Nous avons rencontré l'écrivaine et commissaire d'expositions d'art contemporain et de bandes dessinées, Elettra Stamboulis, au Festival des citoyens de la Méditerranée de Catane où elle présentait son roman graphique « Little Jerusalem. Thessalonique ». Illustré par Angelo Mennillo et publié en Italie par Mesogea (2019), l'ouvrage est également sorti en Grèce, en Turquie et en France.

Le Salonique d'Elettra Stamboulis | Babelmed

Romanos est un jeune glottologue bulgare qui, après la chute du mur de Berlin, se rend à Thessalonique, une ville à laquelle l'histoire de sa famille est profondément liée. L'ancienne Thessalonique, qui doit son nom à la sœur d'Alexandre le Grand, a été appelée diversement au cours des siècles, Selanick, Solun, Salonicha, Salonique. Elle était déjà, à l'époque romaine, l'un des principaux ports stratégiques de la Méditerranée orientale. Ce creuset millénaire de langues, de cultures et de religions est toujours surnommé "la petite Jérusalem".

 

Le jeune Romanos tente d'en recomposer la mosaïque complexe, confiant dans une longue lettre à sa grand-mère ses pensées, tantôt nostalgiques, tantôt ironiques, très souvent confuses à cause des nombreuses informations qu'il n'est pas toujours facile de contextualiser.

 

Les vicissitudes des Juifs séfarades, ses ancêtres, sont intimement mêlées à celles de la ville. Exilés de l'Espagne d'Isabelle de Castille, un grand nombre d'entre eux ont franchi la "grande porte" de l'Empire ottoman qui garantissait la protection de tous les "gens du livre". Des milliers d'entre eux débarquent à Thessalonique, dont la population est alors en déclin, et s'y installent. Lors du recensement de 1913, la communauté juive est la plus importante, suivie des communautés ottomane, grecque, bulgare ...

 

Blessures profondes

 

En 1917, un incendie a dévasté une grande partie de leur quartier, mais ce sont les dramatiques déportations massives de la Seconde Guerre mondiale qui ont finalement rompu leurs liens avec ce lieu. Quarante-cinq mille personnes sont mortes dans les camps de la mort nazis et les 1950 qui ont réussi à revenir n'ont jamais récupéré leurs biens.

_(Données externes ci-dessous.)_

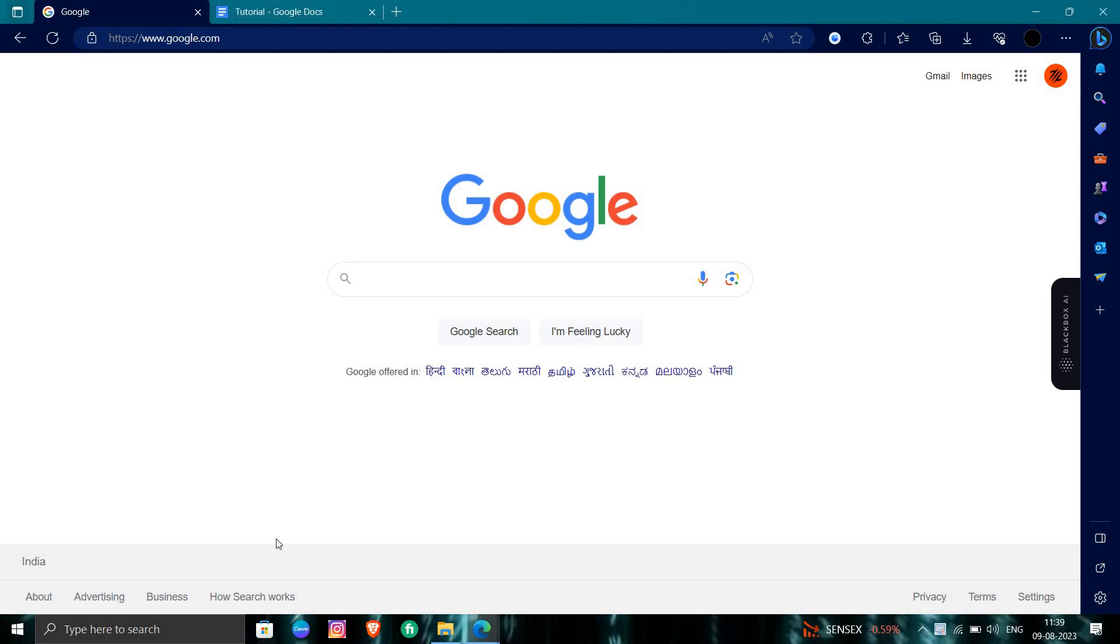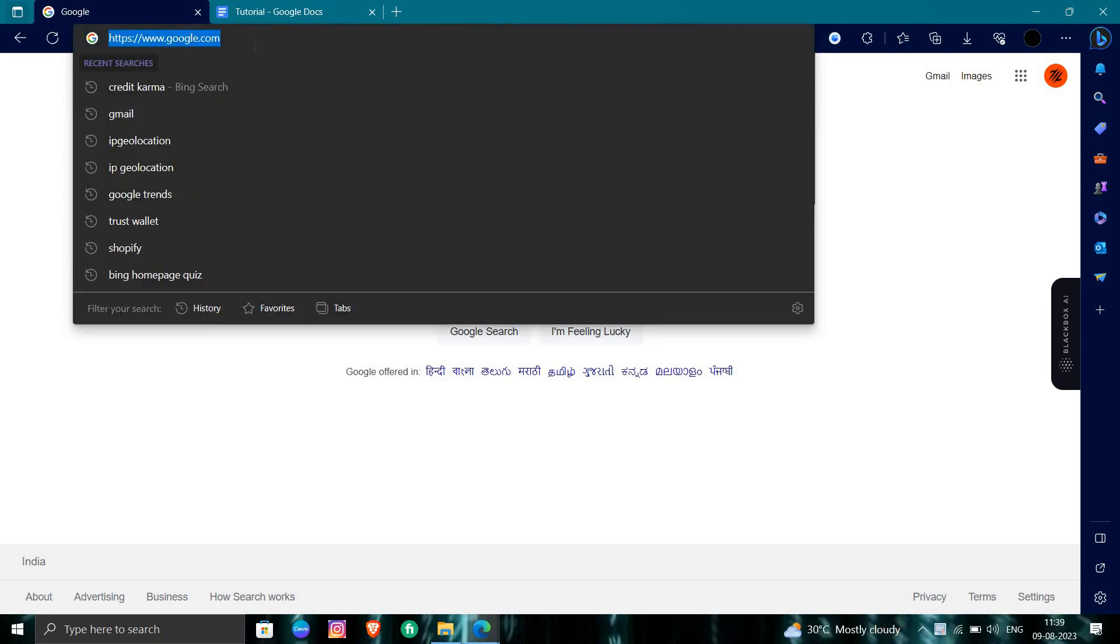Hello and welcome back to my channel. In today's video, I will show you how to use Canva in PC. So let's start. First of all, we will open our browser and search for Canva.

Thessalonique, commente Romanos, « semble condamnée à des ruptures brutales qui frappent sa population. Comme un théâtre où, une fois le spectacle terminé, il faut se dépêcher de changer de compagnie, de décor, de public ».

Ses propos mêlent philologie, histoire, art, conte et sont accompagnés de dessins en noir et blanc qui retracent les événements du passé : de la domination ottomane à la katastrofé1, du régime des Colonels à la sanglante guerre civile, improprement appelée « la guerre des Brigands ».

 

Retirées à l'intérieur et ignorées à l'extérieur, ces blessures profondes demandent à être travaillées, ce qui explique la lourde chronologie finale du livre, qui, selon Moni Ovadia, ne devrait manquer dans aucune bibliothèque digne de ce nom.

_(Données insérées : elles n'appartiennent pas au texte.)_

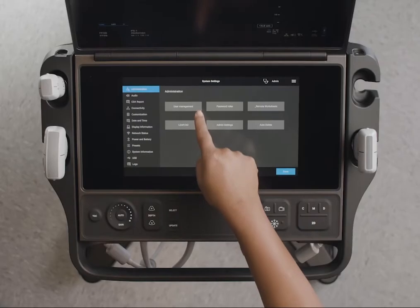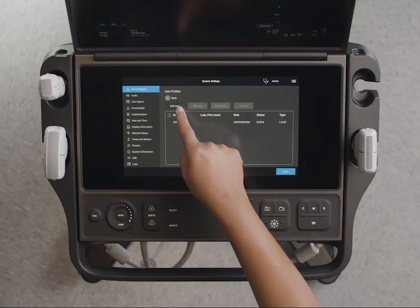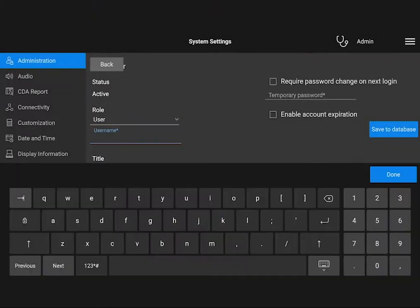To add new users, tap User Management and tap Add User on the next screen. Fill in the user information.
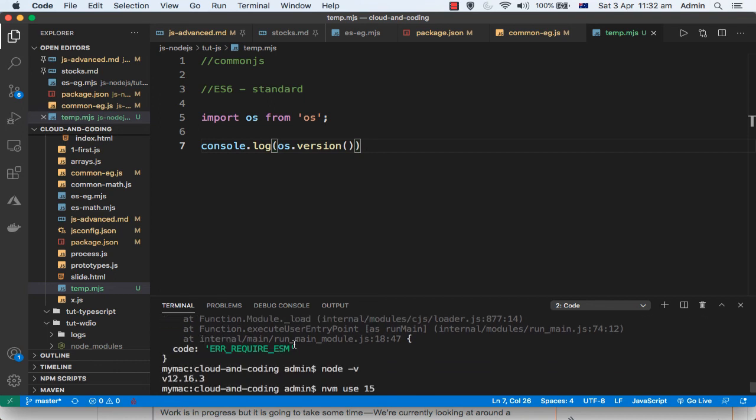Just make sure that your node version is correct and then you should be able to run your code using import and ES modules. Thanks for watching this video.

Le protagoniste masculin porte le nom de mon cousin et, comme lui, il est né et a grandi en Bulgarie, il a un père réfugié politique et une grand-mère dont l'histoire est liée à la diaspora grecque de l'après-guerre civile. Mais, contrairement à moi, il n'est pas philologue, précise l'autrice.

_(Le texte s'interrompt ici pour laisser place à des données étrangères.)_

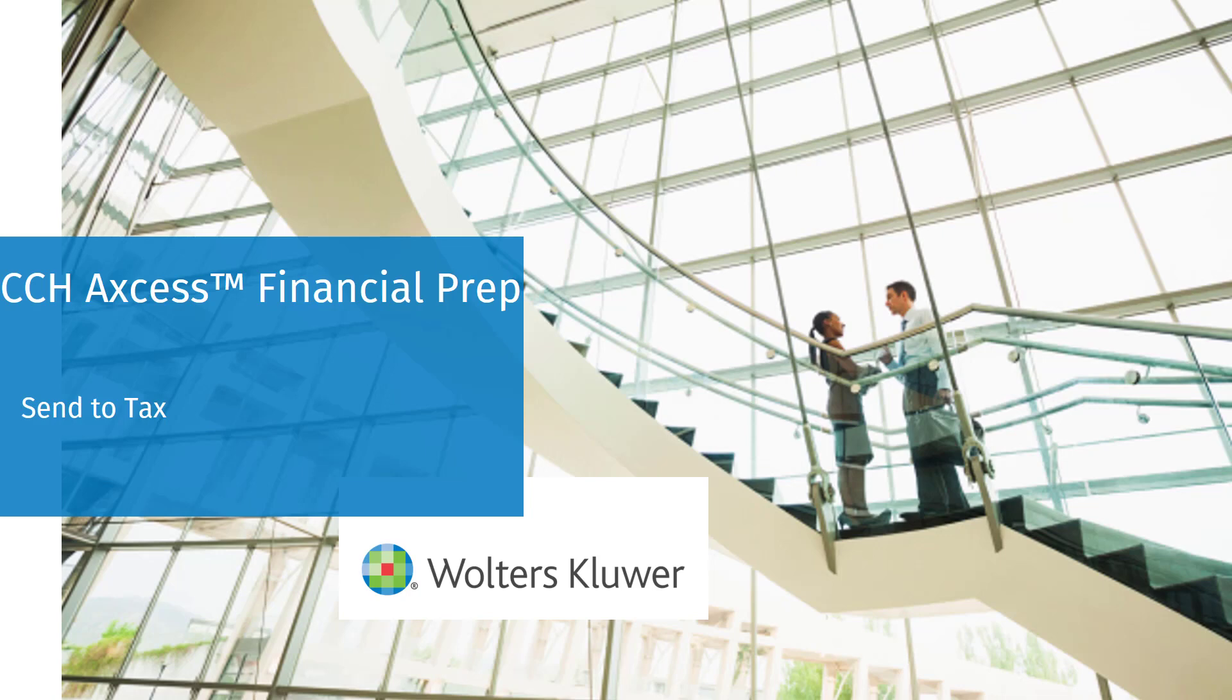Welcome to the CCH Access Financial Prep video series. In this video, we'll look at a new enhancement that allows you to choose which groups to send to the tax return.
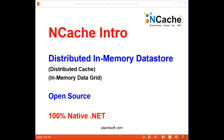Hello everybody. Today I'm going to give you a brief introduction to NCache. NCache is an open source distributed in-memory data store, also called a distributed cache in the .NET space and an in-memory data grid in the Java space.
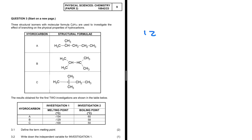Three structural isomers with molecular formula C6H14 are used to investigate the effect of branching on the physical properties of hydrocarbons. That statement answers most of our questions because we know we are investigating the effect of branching on the physical properties, so we already have our independent and dependent variable.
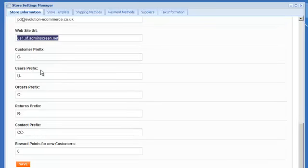And then the prefix for things like customers, users, orders, returns and contacts. The prefix are shown in the admin panel when you are navigating any of those sections.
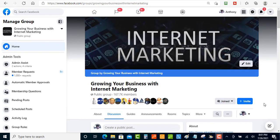Hi everybody, this is Anthony from xanthonyjohnson.com. In today's video I want to show you guys how you can start driving traffic, leads, and sales to your business using Facebook Groups and Jarvis, which is formerly known as Conversion AI — an AI writing assistant that can help you write better copy for your business.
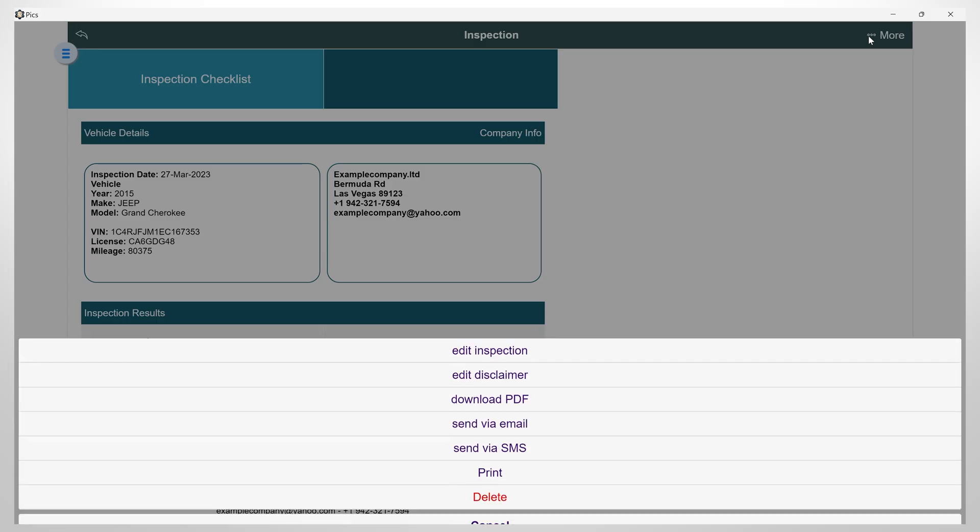When you click on the More button, you have the option to edit, download, send, or print this inspection.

Une éducation qui a été pour elle un outil fondamental pour enquêter sur son bilinguisme, elle qui est née à Bologne en 1969 d'exilés grecs :

Pendant sept ans, mes parents n'ont pas pu rentrer et mes grands-parents ne sont pas venus en Italie. J'avais un an lorsque mon oncle m'a mise dans un avion pour m'emmener chez eux pour la première fois, raconte-t-elle. Je voyageais constamment entre la Grèce et l'Italie confiée aux hôtesses de l'air et je ne savais pas que ma valise contenait aussi lettres personnelles, documents et disques de Theodōrakīs. J'étais une partisane à son insu

Ses parents rentrèrent en 1974 et participèrent au fameux concert au stade Kasaikakis d'Athènes où Theodorakis et d'autres opposants à la dictature des colonels jouèrent pendant des heures.  « J'étais assis sur les épaules de mes oncles qui ressemblaient tous à Che Guevara avec leur barbe épaisse et leurs longs cheveux », se souvient l'autrice, qui avait cinq ans à l'époque et avait demandé un gâteau d'anniversaire pour fêter l'événement.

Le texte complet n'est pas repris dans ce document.